Index

Friday, April 13, 2007

[wvns] The new Jewish question

A furious row has been raging in the international Jewish community
over the rights and wrongs of criticising Israel. At its centre is a
British historian who accuses his fellow Jews in the US of stifling
any debate about Israel. His opponents say his views give succour to
anti-Semites. One thing's for sure: any appearance of consensus over
the Middle East has been shattered.


The new Jewish question
Gaby Wood
Sunday February 11, 2007
The New York Observer


On 3 October last year, the distinguished British-born historian Tony
Judt was preparing for a public lecture when the telephone rang. He
was due to give the talk, entitled 'The Israel Lobby and US Foreign
Policy', at the Polish consulate in New York in less than an hour. The
caterers were already there. But when he picked up the phone he was
informed that his lecture had been suddenly cancelled.

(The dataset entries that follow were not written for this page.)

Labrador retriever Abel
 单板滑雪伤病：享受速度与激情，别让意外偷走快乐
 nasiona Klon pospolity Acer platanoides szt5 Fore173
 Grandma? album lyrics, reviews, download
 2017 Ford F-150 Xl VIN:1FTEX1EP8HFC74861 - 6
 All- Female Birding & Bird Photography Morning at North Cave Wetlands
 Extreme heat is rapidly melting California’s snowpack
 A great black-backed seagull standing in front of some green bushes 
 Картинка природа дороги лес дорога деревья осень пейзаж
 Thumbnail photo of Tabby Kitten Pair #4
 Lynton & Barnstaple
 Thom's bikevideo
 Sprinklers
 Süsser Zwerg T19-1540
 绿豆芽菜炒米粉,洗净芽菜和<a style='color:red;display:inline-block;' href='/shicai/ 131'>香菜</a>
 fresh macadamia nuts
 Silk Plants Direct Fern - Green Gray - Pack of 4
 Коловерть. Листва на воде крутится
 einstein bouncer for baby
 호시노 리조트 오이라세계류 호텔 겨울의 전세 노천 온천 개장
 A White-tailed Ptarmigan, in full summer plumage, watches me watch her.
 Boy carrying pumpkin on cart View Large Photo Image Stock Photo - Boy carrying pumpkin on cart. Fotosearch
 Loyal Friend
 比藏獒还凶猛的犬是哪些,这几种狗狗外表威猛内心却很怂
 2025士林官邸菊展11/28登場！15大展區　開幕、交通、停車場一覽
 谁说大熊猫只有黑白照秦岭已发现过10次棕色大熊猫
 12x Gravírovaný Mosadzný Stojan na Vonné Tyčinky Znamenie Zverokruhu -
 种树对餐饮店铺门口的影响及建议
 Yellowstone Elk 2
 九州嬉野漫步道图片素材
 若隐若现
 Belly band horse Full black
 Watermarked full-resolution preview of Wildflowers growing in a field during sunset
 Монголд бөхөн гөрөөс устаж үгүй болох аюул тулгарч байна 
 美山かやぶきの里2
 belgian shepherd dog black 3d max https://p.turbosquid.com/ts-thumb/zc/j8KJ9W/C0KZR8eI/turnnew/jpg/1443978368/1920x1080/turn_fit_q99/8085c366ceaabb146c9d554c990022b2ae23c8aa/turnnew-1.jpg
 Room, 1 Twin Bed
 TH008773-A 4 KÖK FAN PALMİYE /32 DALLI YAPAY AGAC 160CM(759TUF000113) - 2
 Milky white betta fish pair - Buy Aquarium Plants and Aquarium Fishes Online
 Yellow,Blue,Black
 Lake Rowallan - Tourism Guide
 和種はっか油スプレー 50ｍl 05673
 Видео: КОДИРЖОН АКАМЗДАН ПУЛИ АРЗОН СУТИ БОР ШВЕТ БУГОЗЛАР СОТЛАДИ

He was also told that Abraham Foxman, the national director of the
Anti-Defamation League (ADL) was on the phone to the Polish consul.
Whether the call from the ADL was the cause of the cancellation would
become the subject of heated debate in the days and months to come.
Foxman labelled such accusations 'conspiratorial nonsense'; however,
the Polish consul, Krzysztof Kasprzyk, later acknowledged that he had
been contacted by a number of Jewish groups - including the ADL and
the American Jewish Committee (AJC) - who were concerned about Judt's
anti-Israel message.

'The phone calls were very elegant but may be interpreted as
exercising a delicate pressure,' Kasprzyk said. It didn't take him
long to see how it might look for Poland, given its history, to be
fostering arguments that in certain spheres of American intellectual
life have been conflated with anti-Semitism.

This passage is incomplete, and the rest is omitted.